The pig tail catheter technique in some occasions fails to yield the results expected and complete drainage of pleural fluid turns out to be impossible. The main factor that contributes to the failure of the procedure is an incidence where the pleural fluid accumulates in the pleural intercostal space immediately after removal of the catheter tubes. The condition tends to recur each time an attempt to drain the fluid is made. The fluid occupies the same pleural space hence leading to the failure of the procedure. Additionally, effusions that are loculated lead to the failure of the pig tail method. The method is therefore not to be employed in such cases of loculated effusion or even in a patient with an empyema condition.

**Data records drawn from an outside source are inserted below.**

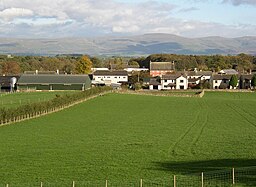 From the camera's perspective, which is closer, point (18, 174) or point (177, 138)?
point (18, 174)

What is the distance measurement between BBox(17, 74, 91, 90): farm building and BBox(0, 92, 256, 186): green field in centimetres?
4873

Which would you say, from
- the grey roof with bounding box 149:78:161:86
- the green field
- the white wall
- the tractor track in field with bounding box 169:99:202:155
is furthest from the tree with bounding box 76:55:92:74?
the tractor track in field with bounding box 169:99:202:155

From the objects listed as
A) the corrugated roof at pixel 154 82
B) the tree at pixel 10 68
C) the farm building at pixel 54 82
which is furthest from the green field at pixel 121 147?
the tree at pixel 10 68

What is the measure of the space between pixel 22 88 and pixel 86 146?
72.0m

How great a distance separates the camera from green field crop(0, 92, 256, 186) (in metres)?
20.2

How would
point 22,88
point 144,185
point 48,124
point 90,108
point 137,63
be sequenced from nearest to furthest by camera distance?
point 144,185, point 48,124, point 90,108, point 22,88, point 137,63

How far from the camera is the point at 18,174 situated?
1975cm

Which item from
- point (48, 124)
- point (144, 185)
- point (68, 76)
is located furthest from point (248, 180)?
point (68, 76)

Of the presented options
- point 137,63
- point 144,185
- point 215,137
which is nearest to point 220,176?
point 144,185

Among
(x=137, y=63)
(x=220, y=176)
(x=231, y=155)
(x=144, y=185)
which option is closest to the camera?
(x=144, y=185)

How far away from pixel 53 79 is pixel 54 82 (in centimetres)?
124

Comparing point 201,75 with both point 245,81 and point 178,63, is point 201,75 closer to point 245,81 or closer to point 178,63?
point 245,81

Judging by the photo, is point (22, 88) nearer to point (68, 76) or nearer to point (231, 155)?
point (68, 76)

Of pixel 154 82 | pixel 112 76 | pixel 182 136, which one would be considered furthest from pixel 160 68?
pixel 182 136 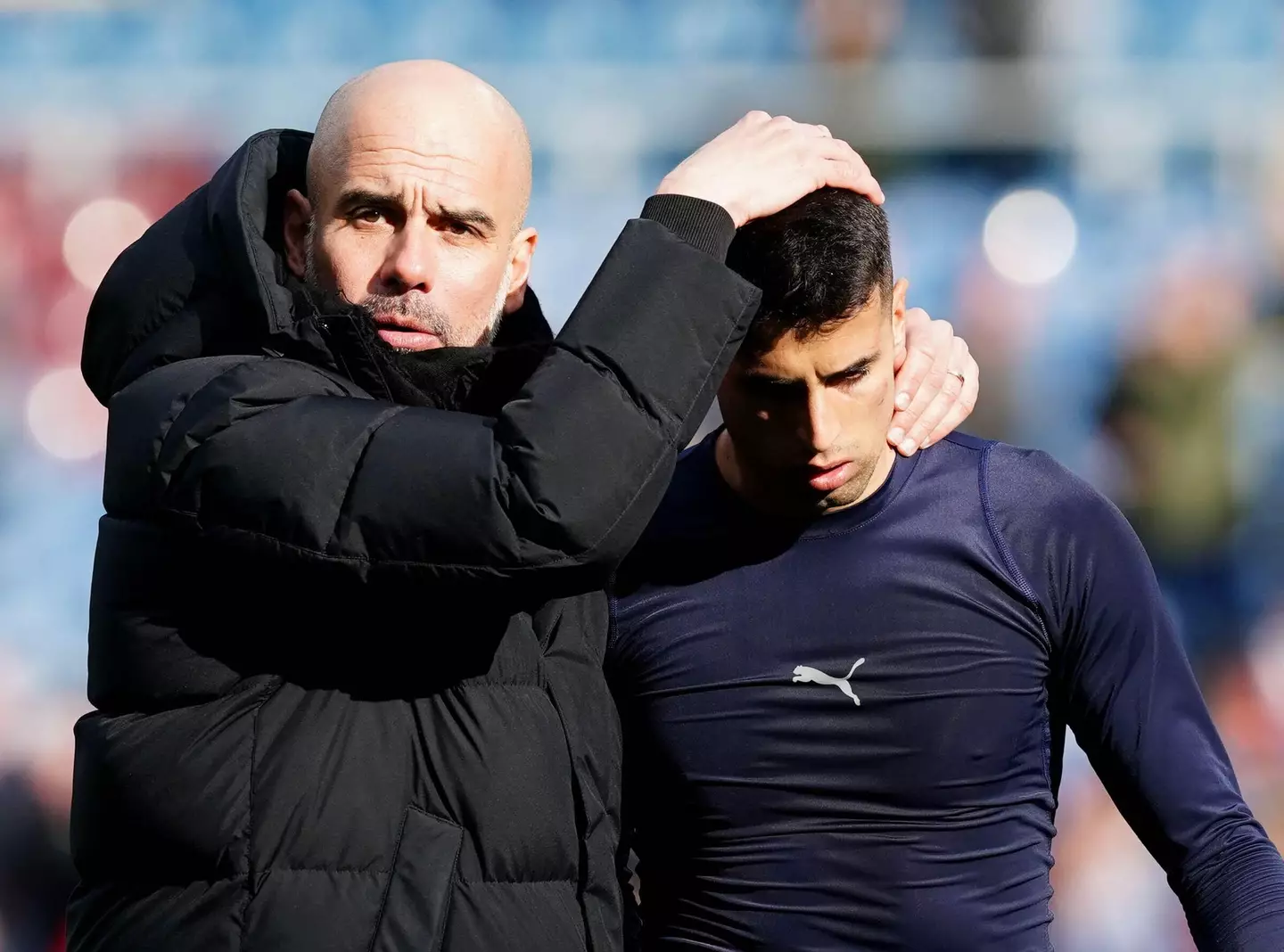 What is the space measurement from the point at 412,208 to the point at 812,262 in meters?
0.63

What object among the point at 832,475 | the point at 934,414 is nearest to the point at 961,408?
the point at 934,414

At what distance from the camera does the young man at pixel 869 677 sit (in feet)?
7.30

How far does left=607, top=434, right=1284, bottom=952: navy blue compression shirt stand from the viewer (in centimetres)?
222

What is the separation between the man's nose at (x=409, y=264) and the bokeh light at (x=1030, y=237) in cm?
361

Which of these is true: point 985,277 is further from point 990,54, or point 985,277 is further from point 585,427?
point 585,427

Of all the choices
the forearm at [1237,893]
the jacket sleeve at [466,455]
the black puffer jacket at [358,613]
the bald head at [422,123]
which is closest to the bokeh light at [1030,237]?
the forearm at [1237,893]

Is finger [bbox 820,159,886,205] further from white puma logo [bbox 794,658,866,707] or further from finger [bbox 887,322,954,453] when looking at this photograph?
white puma logo [bbox 794,658,866,707]

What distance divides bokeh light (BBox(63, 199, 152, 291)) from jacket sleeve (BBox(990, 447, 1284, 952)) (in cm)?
380

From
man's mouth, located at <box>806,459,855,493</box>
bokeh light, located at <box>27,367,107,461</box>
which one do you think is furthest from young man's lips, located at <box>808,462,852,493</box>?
bokeh light, located at <box>27,367,107,461</box>

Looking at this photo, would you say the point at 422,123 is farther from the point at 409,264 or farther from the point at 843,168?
the point at 843,168

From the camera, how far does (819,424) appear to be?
2301mm

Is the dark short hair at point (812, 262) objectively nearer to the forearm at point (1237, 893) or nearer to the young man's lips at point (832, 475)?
the young man's lips at point (832, 475)

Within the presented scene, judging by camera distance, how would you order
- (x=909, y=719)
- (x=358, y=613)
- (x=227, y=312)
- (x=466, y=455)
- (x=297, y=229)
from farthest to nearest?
1. (x=909, y=719)
2. (x=297, y=229)
3. (x=227, y=312)
4. (x=358, y=613)
5. (x=466, y=455)

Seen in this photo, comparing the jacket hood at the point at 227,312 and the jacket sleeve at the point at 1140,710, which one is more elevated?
the jacket hood at the point at 227,312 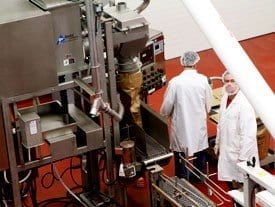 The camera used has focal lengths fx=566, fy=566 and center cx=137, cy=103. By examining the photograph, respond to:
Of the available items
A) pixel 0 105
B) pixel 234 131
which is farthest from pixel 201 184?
pixel 0 105

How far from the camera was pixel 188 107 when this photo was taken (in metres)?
4.85

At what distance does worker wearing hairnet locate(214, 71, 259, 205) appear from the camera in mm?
4340

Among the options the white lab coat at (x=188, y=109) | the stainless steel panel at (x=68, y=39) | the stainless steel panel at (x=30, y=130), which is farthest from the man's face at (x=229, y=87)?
the stainless steel panel at (x=30, y=130)

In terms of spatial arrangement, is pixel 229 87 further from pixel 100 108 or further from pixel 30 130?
pixel 30 130

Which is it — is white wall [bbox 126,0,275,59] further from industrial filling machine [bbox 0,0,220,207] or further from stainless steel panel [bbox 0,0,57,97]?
stainless steel panel [bbox 0,0,57,97]

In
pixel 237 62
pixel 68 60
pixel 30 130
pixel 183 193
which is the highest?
pixel 237 62

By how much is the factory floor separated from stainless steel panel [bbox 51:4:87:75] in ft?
3.68

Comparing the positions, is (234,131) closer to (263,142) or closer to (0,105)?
(263,142)

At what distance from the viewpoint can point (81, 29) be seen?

Despite the failures that may come with the pig tail catheter tubes, statistics show the reliance the method has and its success as very wide and at a rate of about eighty percent and beyond. Transudative causes of pleural effusion happen to give the most successful treatments with the method of drainage followed by tuberculosis related pleural effusion. The main merit associated with the pig tail catheters is the fact that they are safe and most patients suffering from pleural effusion choose to use the method as their mode of treatment. The method is safer due its less invasive nature of insertion hence no damage of the inner tissues and muscles may occur after the drainage. The pig tail catheter chest tube method for pleural effusion is recommended for all the patients with severe condition.

Work Cited

  1. Wong, C. L., Straus, S. E. & Holroyd-Leduc, J. (January 21, 2009). Does this patient have a pleural effusion? Jama – Journal of the American Medical Association, 301, 3, 309-317.